ゆで卵? 牛丼? ハンバーグ? 寒い時期ですからお鍋でしょうか。
今回は食事を通して、生命と地球と宇宙の繋がりについてお話ししたいと思います。

私たちは毎日ご飯を食べます。食べない日もあるかもしれませんが、一カ月間何も口にしなければ死んでしまうように体ができています。
人間が一生を終えるまでに摂取する食料の量は50,000kg、そして水分の量は60,000kgと言われています。合計して110,000kg、つまり110tもの物質が体を通過しているのです。
ちなみにとても大きな旅客機の総重量が110tです。わずか60kg程度の人間が生涯飲み食いする量が旅客機1台分と同じと考えると、驚異的ではありませんか?
私たち生物は、体の外から物質を取り入れ、新たな組織を作り、古いものを廃棄し、外の物質とうちの物質を交換し続けることで、体を維持しています。普段の生活をしていると意識することはありませんが、私たちの体を構成する物質はわずか数年ですべて入れ替わってしまいます。これはとても不思議なことです。
自分は自分だと信じて毎日学校に行き、会社に行き、仲間たちと行動していますが、自分が自分だと、そして仲間があなただと認めているだけで、体を作る物質は全く別の物に入れ替わっているのですから。
体を作る細胞は時間が経つと劣化して死んでいくので、大量の物質を取り入れることで、体の外に出していきます。垢だったり、排泄物だったり、吐息の中の水分など色々な形になって体から離れて外の世界に戻ります。

今、世界には70億人が住んでいるそうです。仮にそれぞれが110tもの排泄物を出していたら、地球は排泄物の星になってしまうのではないかと心配になるかもしれません。
しかし、生物が出したものは別の生物の養分になり、分解され、その生物が死んだり食べられたりすることで再び自らの元に戻ってきます。このように、生命は地球と自然と切り離すことのできない密着な関係にあります。
実は私たちは死ぬまで、そして死んでからも、地球とつながっているのです。死んでからのことは目に見えないので、何とも想像しにくいことです。しかし、これは宗教的な話でもなく、オカルトの話でもありません。科学のお話なのです。
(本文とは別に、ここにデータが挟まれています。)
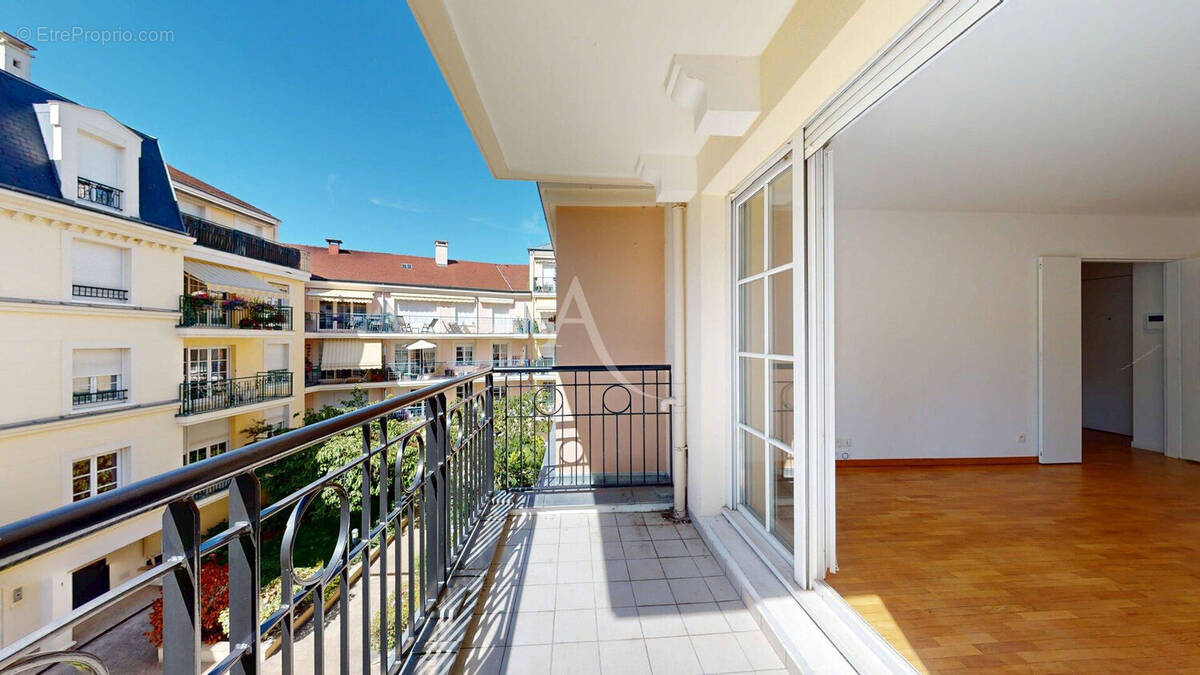 Appartement à LE PLESSIS-ROBINSON
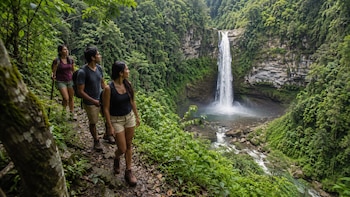 Dónde viajar por Fiestas Patrias: seis destinos que combinan naturaleza, gastronomía y descanso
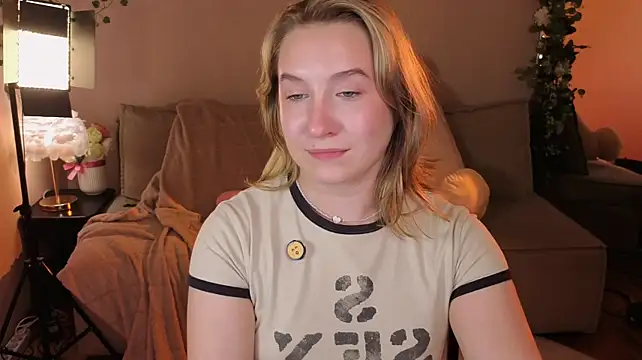 Saint_trisha - cameltoe over cam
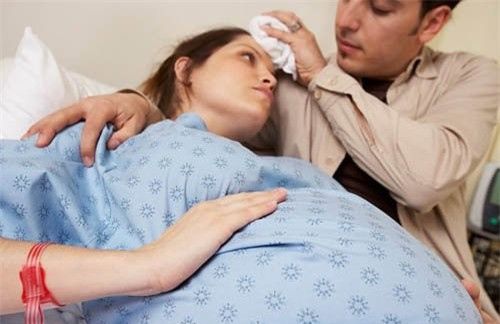 Chườm nóng hoặc lạnh: Khi bị đau đầu do viêm xoang, chị em nên đặt một túi chườm ấm ấm quanh mắt và mũi. Chườm lạnh ở cổ sẽ rất hiệu quả đối với những trường hợp đau đầu do căng thẳng, stress… Chị em có thể cho túi chườm vào lò vi sóng hoặc tủ lạnh trước khi sử dụng để làm ấm và làm mát.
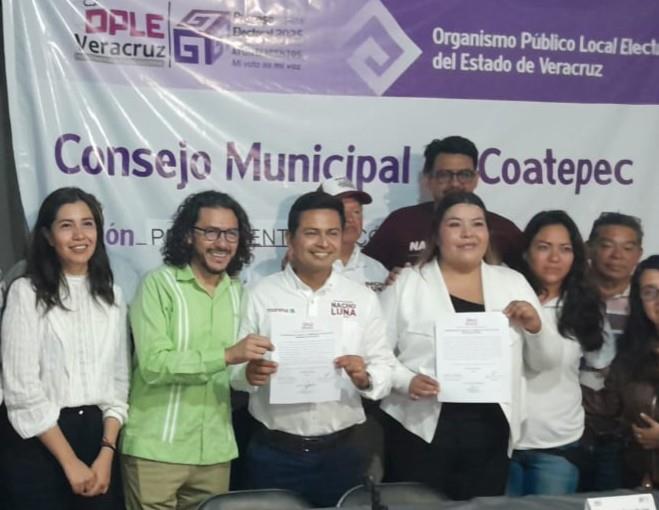 Nacho Luna recibe constancia de mayoría como alcalde electo en Coatepec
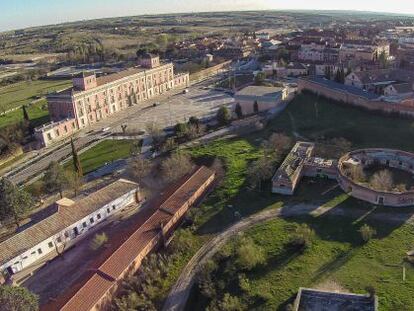 Una imagen reciente del Pabellón de Aves del palacio de Boadilla del Monte.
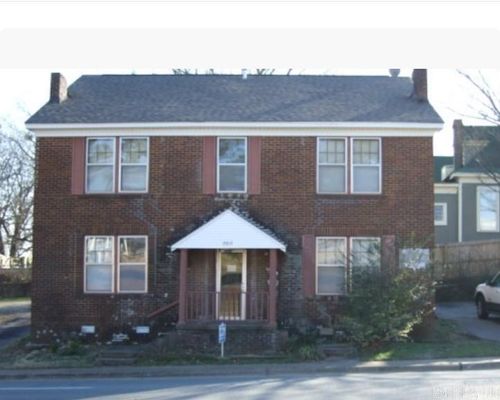 e-2317 W Markham St, Little Rock, AR, 72205-6158 | Card Image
仮に私が死んだとしましょう。日本では火葬することが多いので、私も火葬されたとしましょう。
人ひとりの体を焼却することで放出される原子の数は、1兆の1兆倍以上の数です。そして放出される分子は主に二酸化炭素や水蒸気、二酸化窒素です。これらは地球の大気中に放出され、拡散されて地球を巡ります。
これらが地球全体にまんべんなく散りばめられたとしたら、朝飲むコップ1杯の水のうち、約240万個は私の出身の水分子ということになります。この約240万個というのは特定のコップ1杯だけではなく、世界中のコップ1杯にまんべんなく約240万個なのです。
コップの水だけではありません。世界中どこの海の水をすくっても、池や沼の水をすくっても、約240万個の私出身の水分子があります。
もちろん、水分子を作る水素原子や酸素原子は世界中どこにあっても違いはありませんし目じるしをつけることもできませんから、適当に検査した原子が、私出身かもしくは別の人出身かの区別をつけることはできません。そして水分子はどんな由来があろうとも、性質になんの違いもありません。ですから、誰出身の原子だろうと、水分子に変わりはないのです。
一例として水分子だけに注目しましたが、体を構成するほかの原子も、水分子と同じく自然界に拡散して溶け込んでいきます。二酸化炭素になった原子は植物や海洋に吸収され、食物や藻類になり、酸素に変換されて、生物の代謝に利用されることでしょう。その他の元素も同様です。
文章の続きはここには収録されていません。